A Jewish poet of survival, Louise Glück is an incredibly timely Nobel choice
For new readers and longtime readers, one of the great pleasures of Glück’s work is following her progression as a poet
The poet Louise Glück, who just won the Nobel Prize in Literature, has been very apprehensive about using the word “poet” – especially in relation to herself. In her lone collection of essays, “Proofs and Theories,” she describes her vocation in “Education of a Poet” — originally a 1989 lecture at the Guggenheim Museum — by repeatedly using the word “writer” instead of “poet.”
“I use the word “writer” deliberately,” Glück writes. “’Poet’” must be used cautiously; it names an aspiration, not an occupation. In other words: not a noun for a passport.”
That phrase — “not a noun for a passport” — has always struck me as a very Jewish way of understanding the world. It hints at internalizing the possible need to flee and imagines that a person might need to come up with a legitimate reason why she deserves to survive.
But all of Glück’s work, both the poetry and the prose, addresses survival.

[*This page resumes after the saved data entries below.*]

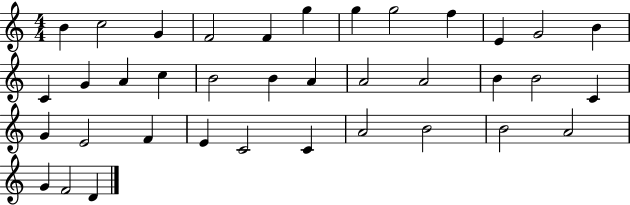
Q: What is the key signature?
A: C major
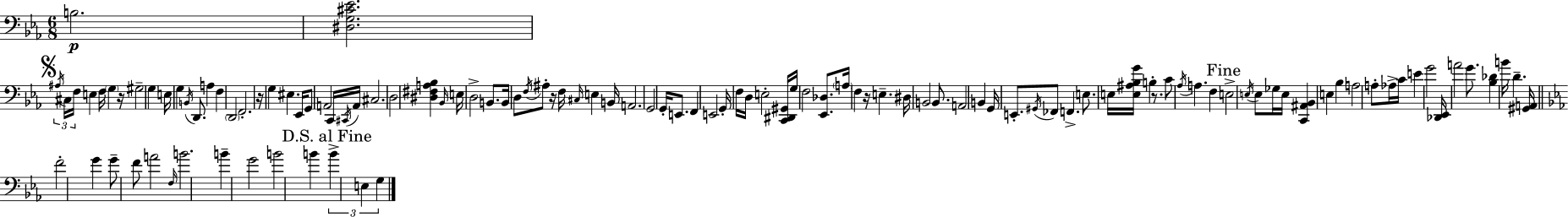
{
  \clef bass
  \numericTimeSignature
  \time 6/8
  \key ees \major
  b2.\p | <dis g cis' ees'>2. | \mark \markup { \musicglyph "scripts.segno" } \tuplet 3/2 { \acciaccatura { ais16 } cis16 f16 } e4 f16 \parenthesize g4 | r16 gis2-- g4 | \break e16 g4 \acciaccatura { b,16 } d,8. a4 | f4 \parenthesize d,2 | f,2.-. | r16 g4 eis4. | \break ees,16 g,8 a,2 | c,16 \acciaccatura { cis,16 } a,16 cis2. | d2 <dis fis a bes>4 | \grace { bes,16 } e16 d2-> | \break b,8. b,16 d8 \acciaccatura { f16 } ais8-. r16 f16 | \grace { cis16 } e4 b,16 a,2. | g,2 | g,16-. e,8. f,4 e,2 | \break g,16-. f16 d16 e2-. | <c, dis, gis,>16 g16 f2 | <ees, des>8. \parenthesize a16 f4 r16 | e4.-- dis16 b,2 | \break b,8. a,2 | b,4 g,16 e,8.-. \acciaccatura { gis,16 } fes,8 | f,4.-> e8. e16 <e ais bes g'>16 | b4-. r8. c'8 \acciaccatura { aes16 } a4. | \break f4 \mark "Fine" e2-> | \acciaccatura { e16 } e8 ges16 e16 <c, ais, bes,>4 | e4 bes4 a2 | a8-. aes16-> c'16 e'4 | \break g'2 <des, ees,>16 a'2 | g'8. <bes des'>4 | b'16 d'4.-- <gis, a,>16 \bar "||" \break \key c \minor f'2-. g'4 | g'8-- f'8 a'2 | \grace { f16 } b'2. | b'4-- g'2 | \break b'2 b'4 | \mark "D.S. al Fine" \tuplet 3/2 { b'4-> e4 g4 } | \bar "|."
}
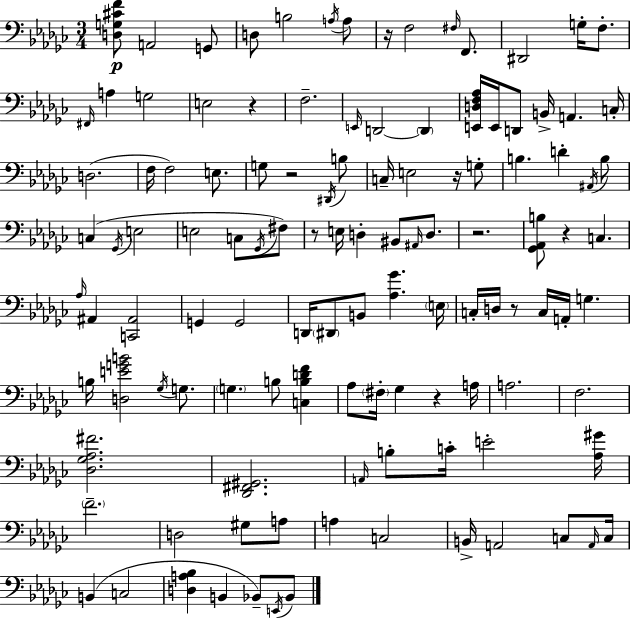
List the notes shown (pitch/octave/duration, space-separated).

[D3,G3,C#4,F4]/e A2/h G2/e D3/e B3/h A3/s A3/e R/s F3/h F#3/s F2/e. D#2/h G3/s F3/e. F#2/s A3/q G3/h E3/h R/q F3/h. E2/s D2/h D2/q [E2,D3,F3,Ab3]/s E2/s D2/e B2/s A2/q. C3/s D3/h. F3/s F3/h E3/e. G3/e R/h D#2/s B3/e C3/s E3/h R/s G3/e B3/q. D4/q A#2/s B3/e C3/q Gb2/s E3/h E3/h C3/e Gb2/s F#3/e R/e E3/s D3/q BIS2/e A#2/s D3/e. R/h. [Gb2,Ab2,B3]/e R/q C3/q. Ab3/s A#2/q [C2,A#2]/h G2/q G2/h D2/s D#2/e B2/e [Ab3,Gb4]/q. E3/s C3/s D3/s R/e C3/s A2/s G3/q. B3/s [D3,E4,G4,B4]/h Gb3/s G3/e. G3/q. B3/e [C3,B3,D4,F4]/q Ab3/e F#3/s Gb3/q R/q A3/s A3/h. F3/h. [Db3,Gb3,Ab3,F#4]/h. [Db2,F#2,G#2]/h. A2/s B3/e C4/s E4/h [Ab3,G#4]/s F4/h. D3/h G#3/e A3/e A3/q C3/h B2/s A2/h C3/e A2/s C3/s B2/q C3/h [D3,A3,Bb3]/q B2/q Bb2/e E2/s Bb2/e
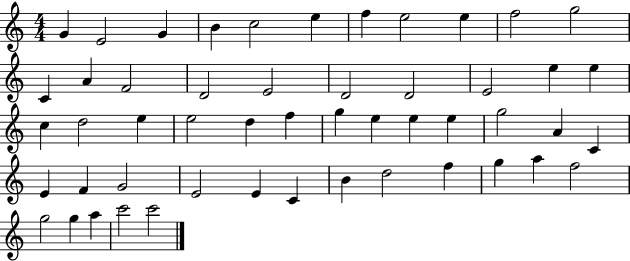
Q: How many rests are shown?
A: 0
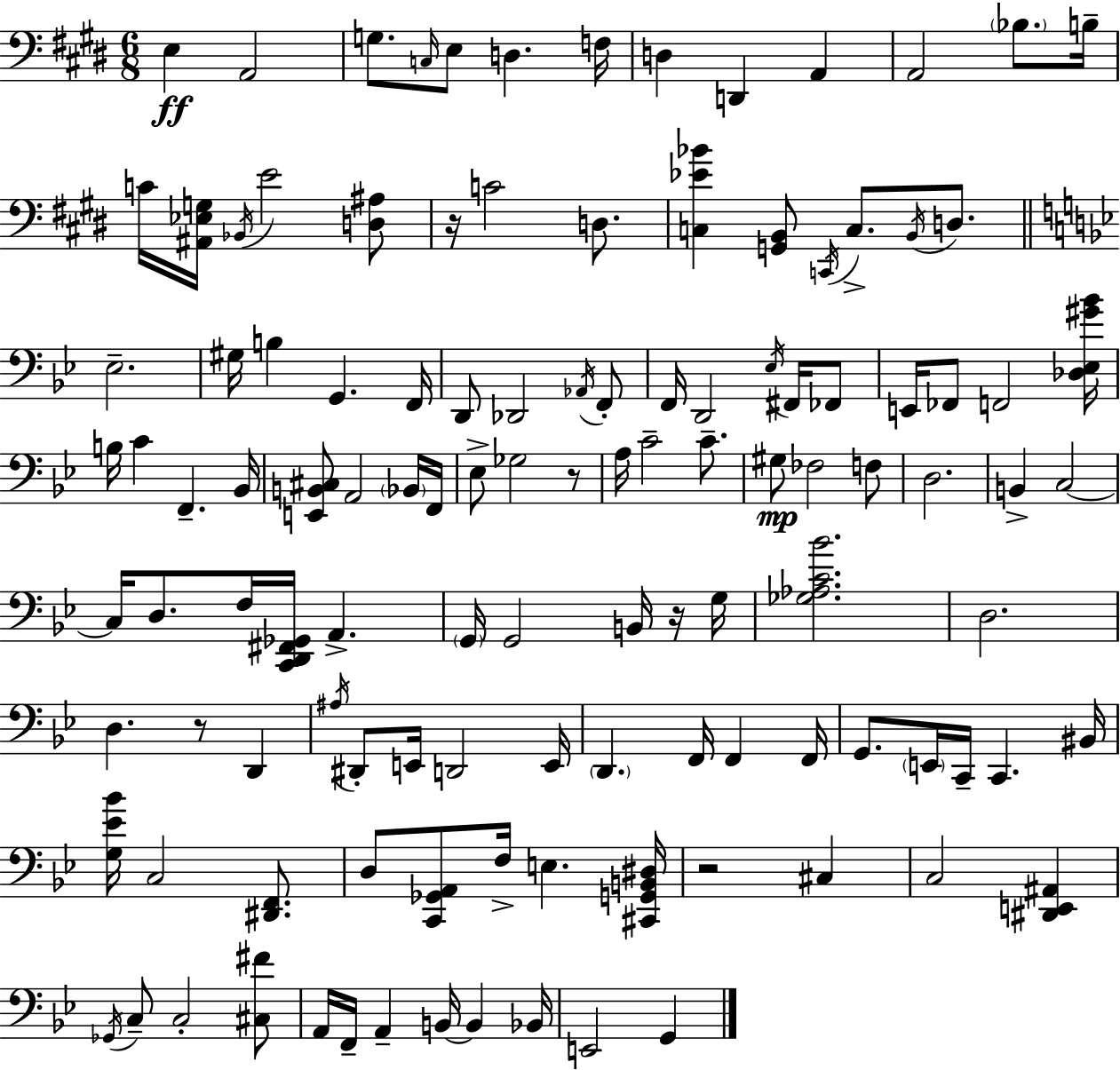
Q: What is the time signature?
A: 6/8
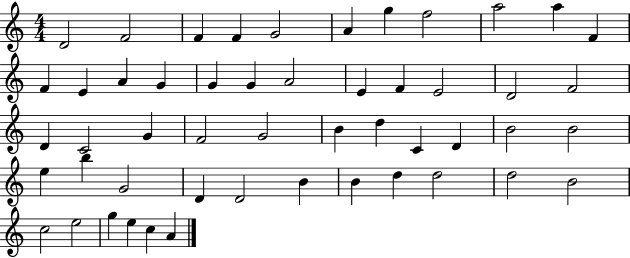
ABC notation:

X:1
T:Untitled
M:4/4
L:1/4
K:C
D2 F2 F F G2 A g f2 a2 a F F E A G G G A2 E F E2 D2 F2 D C2 G F2 G2 B d C D B2 B2 e b G2 D D2 B B d d2 d2 B2 c2 e2 g e c A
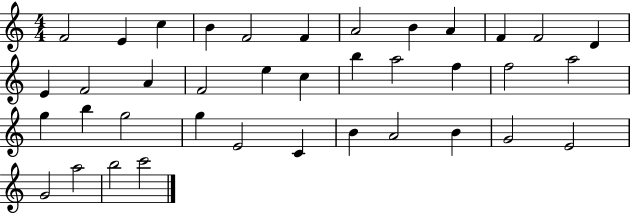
X:1
T:Untitled
M:4/4
L:1/4
K:C
F2 E c B F2 F A2 B A F F2 D E F2 A F2 e c b a2 f f2 a2 g b g2 g E2 C B A2 B G2 E2 G2 a2 b2 c'2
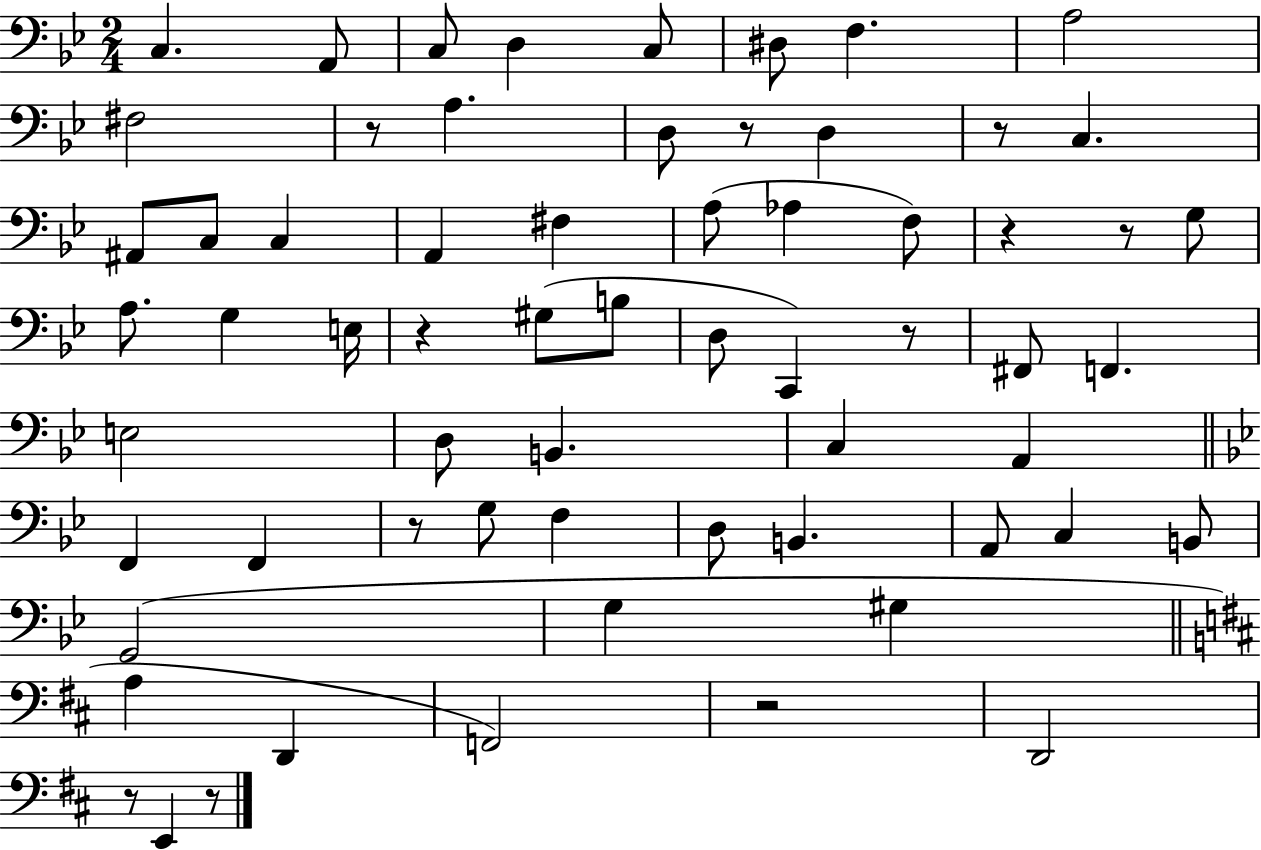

It’s this engagement with the question of how to survive — and the searing honesty of admitting it is a problem we all face — that often makes Glück readers extremely passionate in their admiration. In the late 90’s, for instance, a Cambridge bookstore had a huge sign in the window with the words of Louise Glück’s famous poem “The Wild Iris” taking up the entire display case.
That poem begins with these unforgettable lines:
At the end of my suffering
there was a door.
That was the title poem of “The Wild Iris,” a collection that won the Pulitzer Prize in 1993; the collection addresses the pain of depression and the recovery from it, and the poems are written in the voices of flowers. Each Glück collection is its own world; each has been structured in a unique shape, with a clarity and purpose to its order.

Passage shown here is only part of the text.